The Law of Detachment says that in order to acquire anything in the physical universe, you have to relinquish your attachment to it. This doesn’t mean you give up the intention to create your desire. You don’t give up the intention, and you don’t give up the desire. You give up your attachment to the results.
I am sharing this with you to explain an epiphany I had last week while attending an introduction to meditation class at The Chopra Center. I scheduled the event as a support group function and was hopeful that many members would take advantage of the free class. The RSVPs for the event were low – 5 yes, and 3 maybe. It is understandable and common to have people unwell enough to attend or to change their RSVP at the last minute from yes/maybe to no. In the end only three of us made it to meditation, and one member who showed had to leave because she was having a reaction to the incense burning throughout the center.

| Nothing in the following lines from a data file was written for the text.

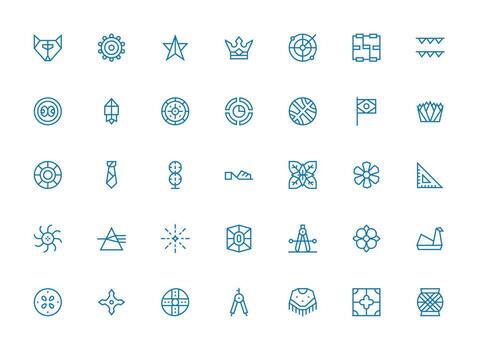 geométrico incluso 35 regular limpiar línea ilustraciones sencillo íconos para interfaz y wireframes vector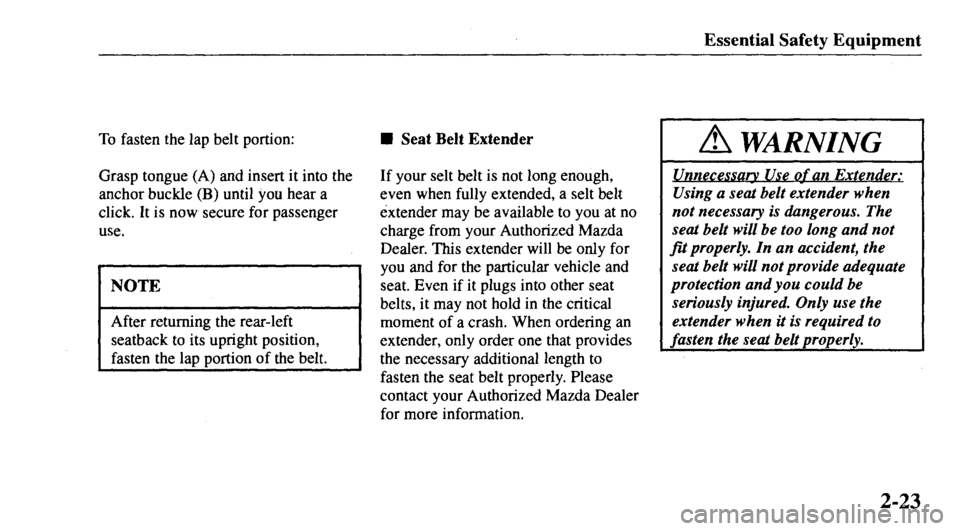 MAZDA MODEL 626 2000  Owners Manual 
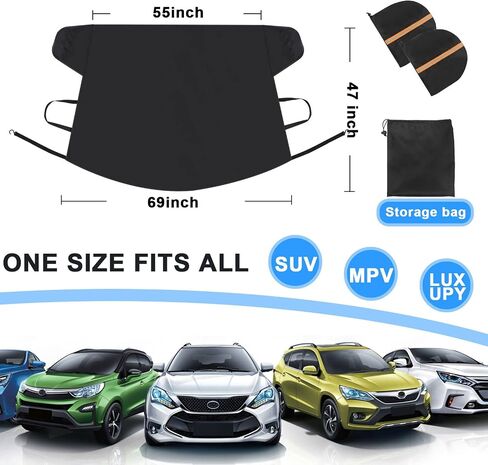 Car Windshield Cover for Ice and Snow - Upgrade Material – Fast Remover Frost Ice Snow Hail -Waterproof, Best for Winter Window Protector Accessories - Fit for All Auto (69 x 47 Inches) in Saudi Arabia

As I sat there trying to relax and prepare for the meditation I was unfocused and thinking about what more I could have done to encourage participation. I believe strongly that meditation is a great tool to aid us in our never-ending quest for wellness. How could I share my beliefs with the members and make them believers too? These thoughts distracted me, but soon the instructor was able to gain my full attention. At the end of the class she shared with us the intention of Chopra’s Law of Detachment and read to us the following step explaining how to apply the law:
Today I will commit myself to detachment. I will allow myself and those around me the freedom to be as they are. I will not ridgidly impose my idea of how things should be. I will not force solutions on problems, thereby creating new problems. I will participate in everything with detached involvement.

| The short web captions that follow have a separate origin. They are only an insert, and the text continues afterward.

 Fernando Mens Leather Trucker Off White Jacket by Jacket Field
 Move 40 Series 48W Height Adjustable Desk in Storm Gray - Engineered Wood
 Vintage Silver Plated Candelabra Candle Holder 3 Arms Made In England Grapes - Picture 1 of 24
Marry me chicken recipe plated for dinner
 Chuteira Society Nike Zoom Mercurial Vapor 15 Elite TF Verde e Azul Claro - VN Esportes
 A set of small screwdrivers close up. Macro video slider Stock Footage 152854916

There it was. The universe was speaking to me on that day and telling me to let go and detach from the expectations I have placed on the meetings and events I schedule for the group. It was like a weight being lifted. There were about 15 people in the room but I felt like she was speaking directly to me.

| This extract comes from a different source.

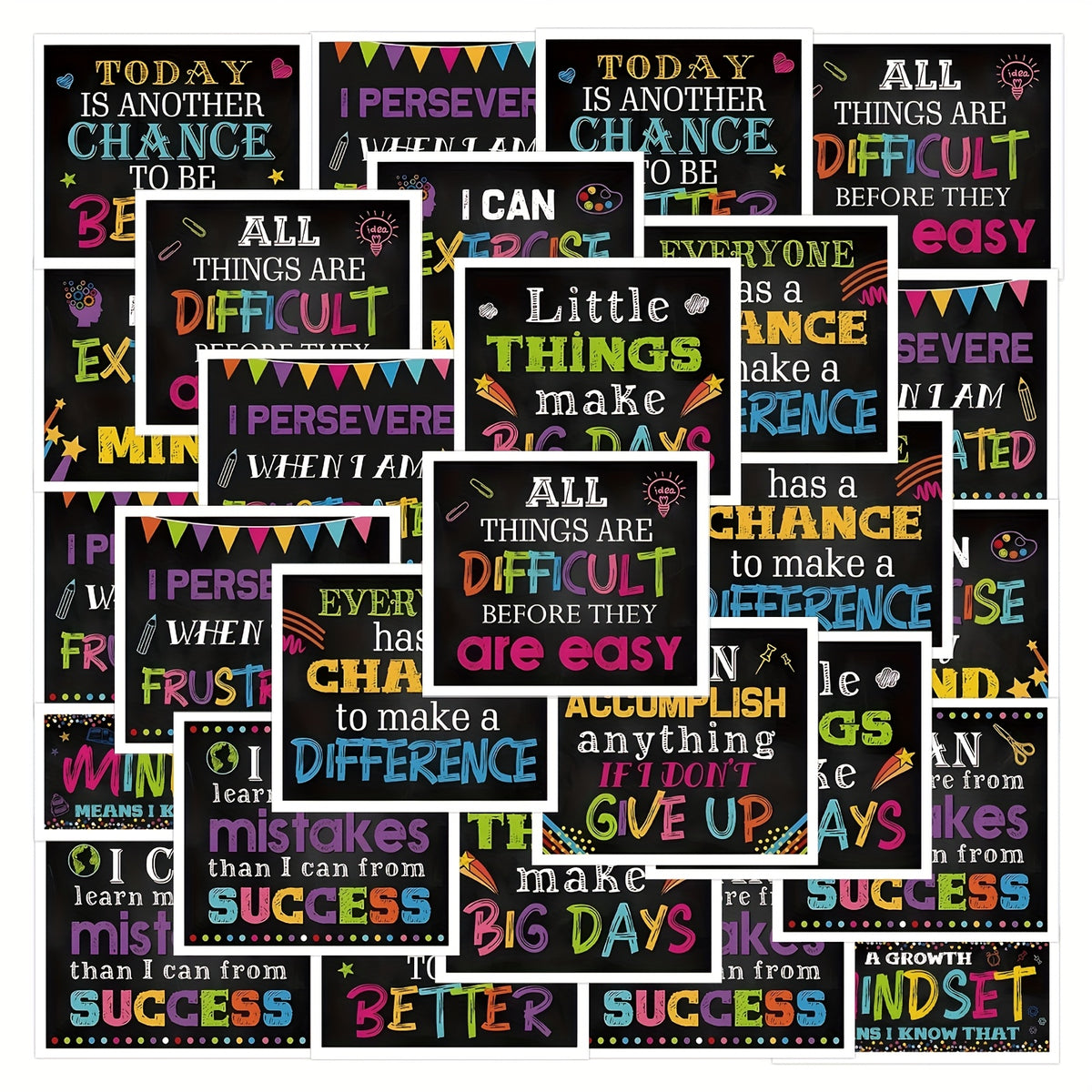 10pcs Inspirational Quotes Stickers for Laptop Skateboard Phone Case Guitar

There is no reason for me to get frustrated or discouraged when my members do not attend. I cannot set their goals and intentions for them. I cannot tell them what will work and what will be good for them. I can only continue to schedule meetings and events, enjoy the members who do attend, and give the members who do not attend opportunities to do so in the future. My intention when I started the support group was to create a place for people with Fibromyalgia and chronic pain to come together to learn, laugh, share, and encourage. My intentions have not changed, but I had become too conscious and attached to the results. I am determined now to let go of my expectations and just continue with my intentions. Good things will happen and members will show when they are ready.
The Law of Detachment was read to me on a day when I needed the lesson the most. I am so grateful that I was present and open to the message. Isn’t it amazing how serendipitous our universe can be at times?